Machine Master: Explaining the decisions of machine learning algorithms

Being both statistician and machine learning practitioner, I have always been interested in combining the predictive power of (black box) machine learning algorithms and the interpretability of statistical models.

I thought the only way to combine predictive power and interpretability is by using methods that are somewhat in the middle between 'easy to understand' and 'flexible enough', like decision trees or the RuleFit algorithm or, additionally, by using techniques like partial dependency plots to understand the influence of single features. Then I read the paper "Why Should I Trust You" Explaining the Predictions of Any Classifier [1], which offers a really decent alternative for explaining decisions made by black boxes.

What is LIME?

The authors propose LIME, an algorithm for Local Interpretable Model-agnostic Explanations. LIME can explain why a black box algorithm assigned a specific classification/prediction to one datapoint (image/text/tabular data) by approximating the black box algorithm locally with an interpretable model.
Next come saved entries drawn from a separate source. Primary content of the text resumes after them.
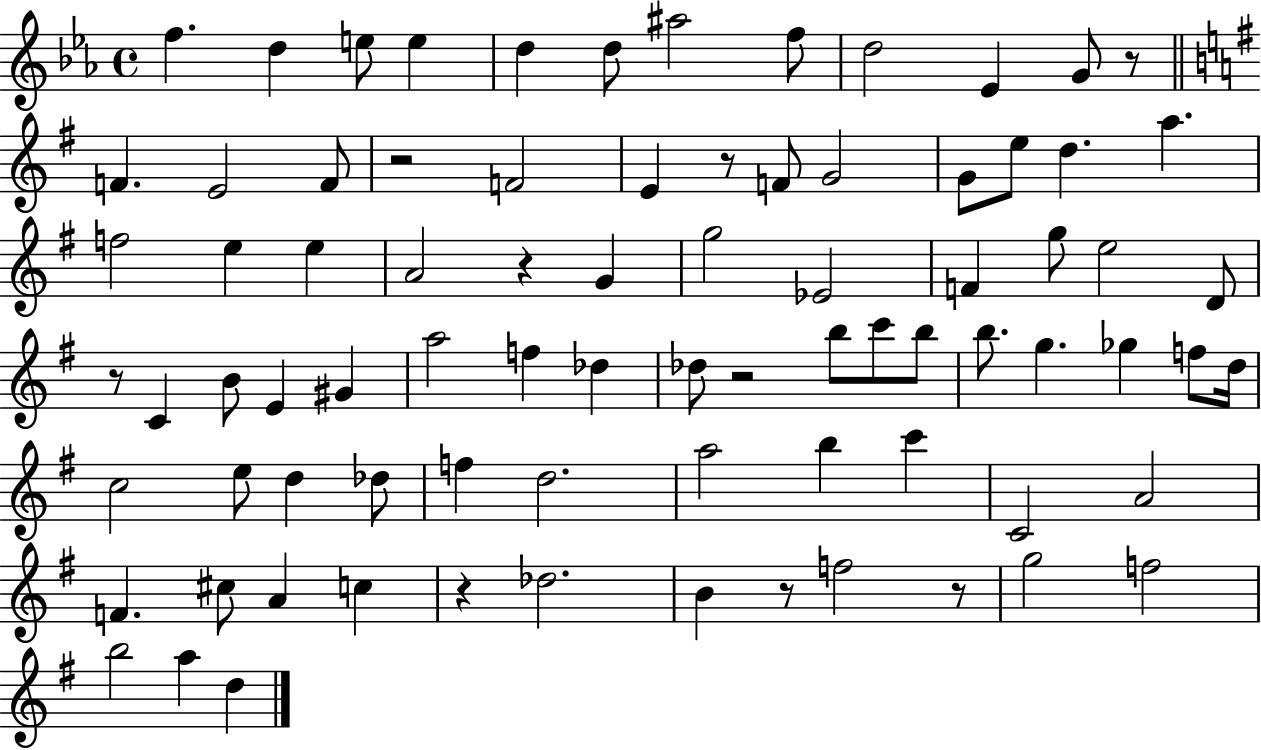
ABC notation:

X:1
T:Untitled
M:4/4
L:1/4
K:Eb
f d e/2 e d d/2 ^a2 f/2 d2 _E G/2 z/2 F E2 F/2 z2 F2 E z/2 F/2 G2 G/2 e/2 d a f2 e e A2 z G g2 _E2 F g/2 e2 D/2 z/2 C B/2 E ^G a2 f _d _d/2 z2 b/2 c'/2 b/2 b/2 g _g f/2 d/4 c2 e/2 d _d/2 f d2 a2 b c' C2 A2 F ^c/2 A c z _d2 B z/2 f2 z/2 g2 f2 b2 a d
Why was the husky classified as a wolf?

The trustworthiness of an image classifier trained on the task 'Husky vs Wolf' is analysed, as an example in the paper [1]. As a practitioner, you want to check individual false classifications and understand why the classifier went wrong. You can use LIME to approximate and visualize why a husky was classified as a wolf. It turns out that the snow in the image was used to classify the image as 'wolf'. In this case it could help to add more huskies with snow in the background to your training set and more wolfs without snow.

Figure from LIME paper [1]: The husky was mistakenly classified as wolf,
because the classifier learned to use snow as feature.

How LIME works

First you train your algorithm on your classification/prediction task, just as you would usually do. It does not matter if you use a deep neural network or boosted trees, LIME is model-agnostic.

With LIME you can then start to explore explanations for single data points. It works for images, texts and tabular input. LIME creates variations of the data point that you want to have explained. In the case of images, it first splits your image into superpixels and creates new images by randomly switching on and off some of the superpixels. For text it creates versions of the text with some of the words removed. For tabular data the features of the data point are perturbed, to get variations of the data point that are close to the original one. Note that even if you have trained your classifier on a different representation of your data, like bag-of-ngrams or transformations of your original image, you still use LIME on the original data. By creating new variations of your input you create a new dataset (let's call it local interpretable features), where each row represents a perturbation of your input and each column the (interpretable) features (like superpixel). The entries in this datasets are 1 if the superpixel/word was turned on and 0 if it was turned off in a sample. For tabular data the entries are the perturbed values of the features.

LIME puts all those variations through the black box algorithm and gets the predictions. Now the corresponding local interpretable features (e.g. superpixels switched on/off) are used to predict the corresponding output of the black box algorithm. A good choice of model for this job is LASSO, because it will yield a sparse model (e.g. only a few superpixel might be important for the classification). LIME chooses the K best features which then are returned as explanation. For images, each local interpretable feature represents a superpixel and K features are a combination of the best superpixels. For text, each local interpretable feature represents a word and K features are the most important words for the prediction of the black box. In case of tabular data, K features are the columns that contributed most to the prediction.

Why does it work?

The decision boundaries of machine learning algorithms (like neural networks, forests and SVMs) are usually very complex and cannot be comprehended. This changes when you zoom in to one example of your data. The local decision function might be very simple and you can try to approximate it with an interpretable model, like a linear model (LASSO) or a decision tree. Your local classifier has to be faithful, meaning it should reflect the outcome of the black box algorithm closely, otherwise you will not get correct explanations.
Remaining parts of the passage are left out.